Ein solcher Mangel an Genauigkeit in einer Entscheidung des Amtes macht es u. a. unmöglich, die Anwendung von Art. 42 Abs. 2 letzter Satz der Verordnung Nr. 207/2009 durch die Beschwerdekammer zu überprüfen. Aus Art. 42 Abs. 2 und 3 der Verordnung ergibt sich nämlich, dass dann, wenn eine Marke für eine Gruppe von Waren oder Dienstleistungen eingetragen worden ist, die hinreichend weit gefasst ist, um diese Gruppe in verschiedene Untergruppen aufteilen zu können, die sich jeweils als selbständig ansehen lassen, der Schutz, der durch den Nachweis ausgelöst wird, dass die Marke für einen Teil dieser Waren oder Dienstleistungen ernsthaft benutzt worden ist, in einem Widerspruchsverfahren nur derjenigen Untergruppe oder denjenigen Untergruppen zuteilwird, zu der oder zu denen die Waren oder Dienstleistungen gehören, für die die Marke tatsächlich benutzt worden ist. Ist dagegen eine Marke für Waren oder Dienstleistungen eingetragen worden, die so genau definiert worden sind, dass es nicht möglich ist, innerhalb der betreffenden Gruppe eindeutige Unterteilungen vorzunehmen, deckt der Nachweis der ernsthaften Benutzung der Marke für diese Waren oder Dienstleistungen für die Zwecke des Widerspruchsverfahrens zwangsläufig diese ganze Gruppe ab.
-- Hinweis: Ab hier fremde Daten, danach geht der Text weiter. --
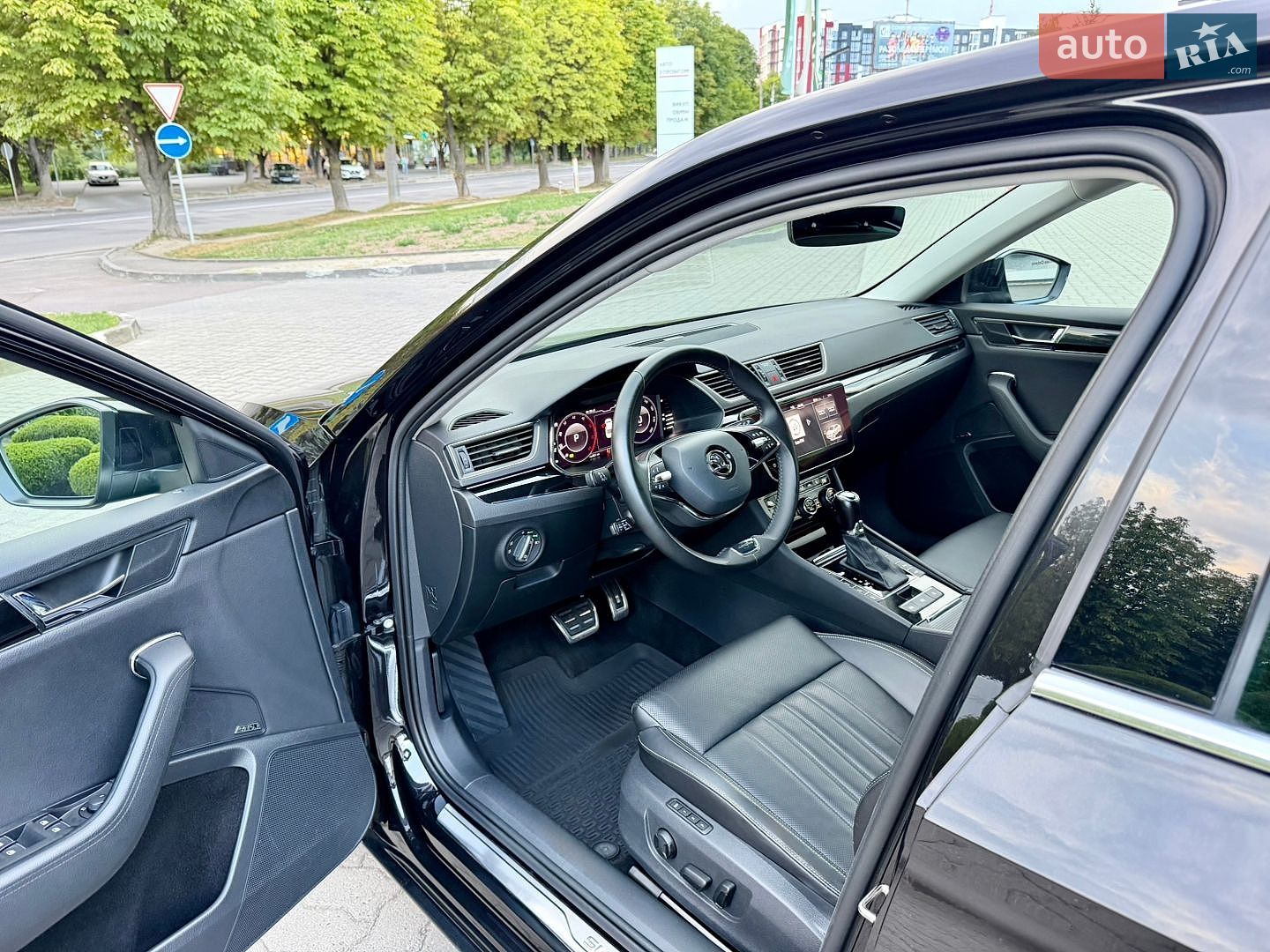 Skoda Superb 2021 VIN TMBCR7NP2M7079315 фото оголошення 16 з 108
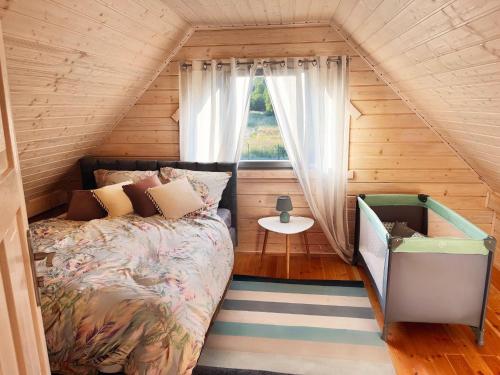 sypialnia z łóżkiem i oknem w obiekcie New holiday homes near the sea in Niechorze w mieście Niechorze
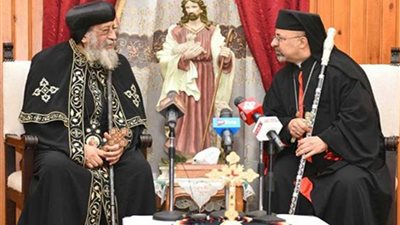 الأنبا إسحق ووفد من الكنيسة الكاثوليكية يهنئون البابا تواضروس بعيد الميلاد المجيد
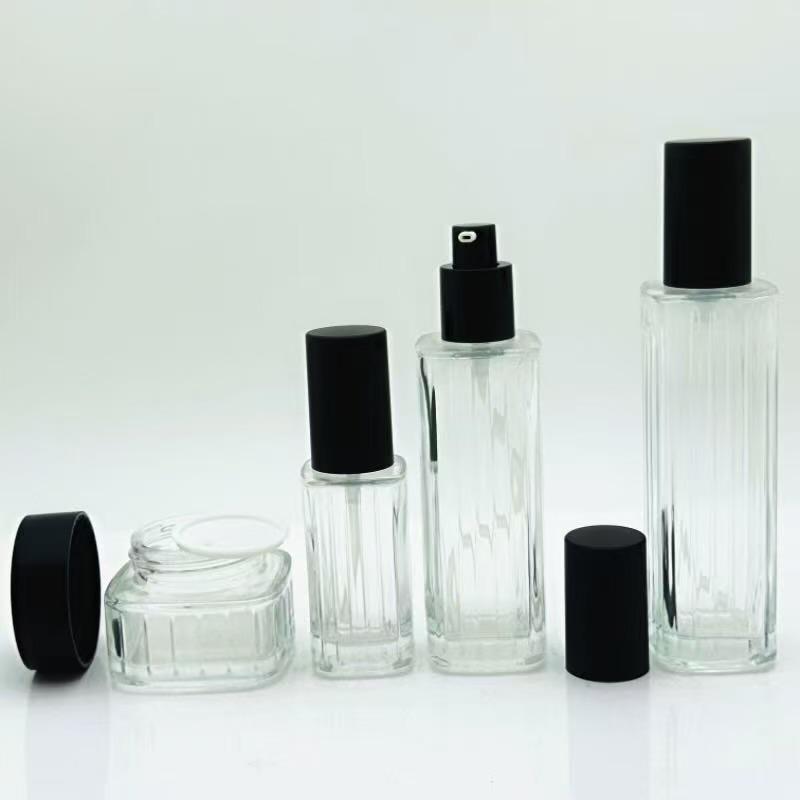 Transparent Striped Bottle Set: 120ml Essence, 100ml Toner, 40ml Foundation, 50g Cream.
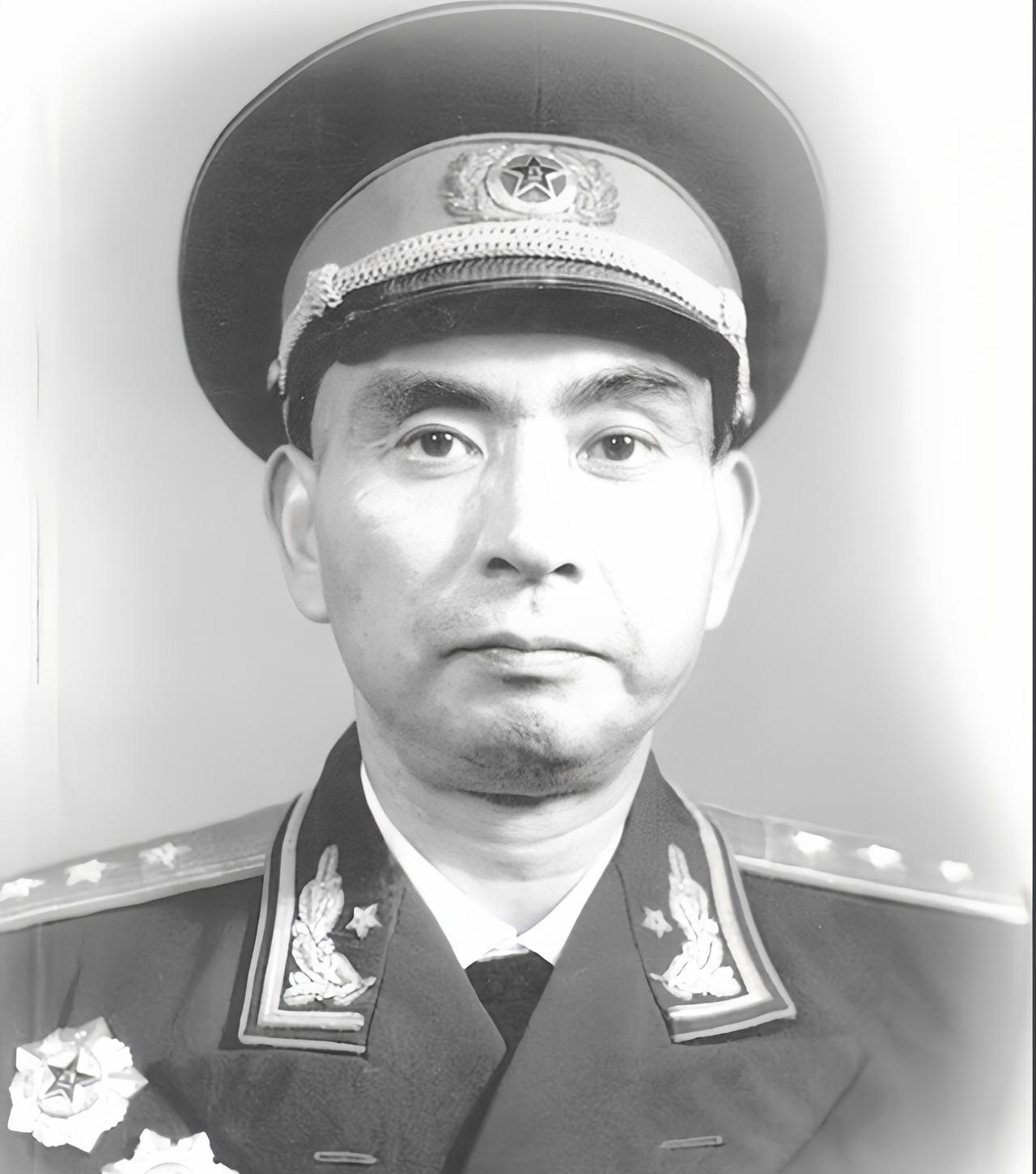 1943年夏天，杨勇挑来一大担子蔬菜和瓜果。毛主席笑问，这都是南方菜啊，你从哪里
Falls der Nachweis der Benutzung nur für einen Teil der Waren oder Dienstleistungen erbracht wird, die zu einer Gruppe gehören, für die die ältere Marke eingetragen ist und auf die der Widerspruch gestützt wird, hat die Beschwerdekammer des Amtes daher in diesem Zusammenhang auch zu prüfen, ob die Gruppe selbständige Untergruppen einschließt, zu denen die Waren und Dienstleistungen gehören würden, für die die Benutzung nachgewiesen wird, so dass davon auszugehen ist, dass der Nachweis nur für diese Untergruppe von Waren oder Dienstleistungen erbracht worden ist, oder ob sich im Gegenteil solche Untergruppen nicht bilden lassen.

(vgl. Rn. 23-25)

4.      Ist die Begründung nicht ausreichend, um die Rechtmäßigkeit der angefochtenen Entscheidung zu überprüfen, ist es nicht Sache des Gerichts, eine eingehende Prüfung der Gründe vorzunehmen, die nicht aus der angefochtenen Entscheidung hervorgehen. Es ist nämlich Sache des Harmonisierungsamts für den Binnenmarkt (Marken, Muster und Modelle), die Anmeldung einer Gemeinschaftsmarke zu bearbeiten und über sie zu entscheiden. Anschließend obliegt es dem Gericht, die Beurteilung der erlassenen Entscheidung durch die Beschwerdekammer gegebenenfalls einer gerichtlichen Kontrolle zu unterziehen und dabei die Begründung zugrunde zu legen, auf die die Beschwerdekammer ihr Ergebnis gestützt hat. Dagegen ist es nicht Sache des Gerichts, sich in Wahrnehmung der dem Amt durch die Verordnung Nr. 207/2009 über die Gemeinschaftsmarke übertragenen Zuständigkeiten an dessen Stelle zu setzen.

(vgl. Rn. 34)

5.      Siehe Text der Entscheidung.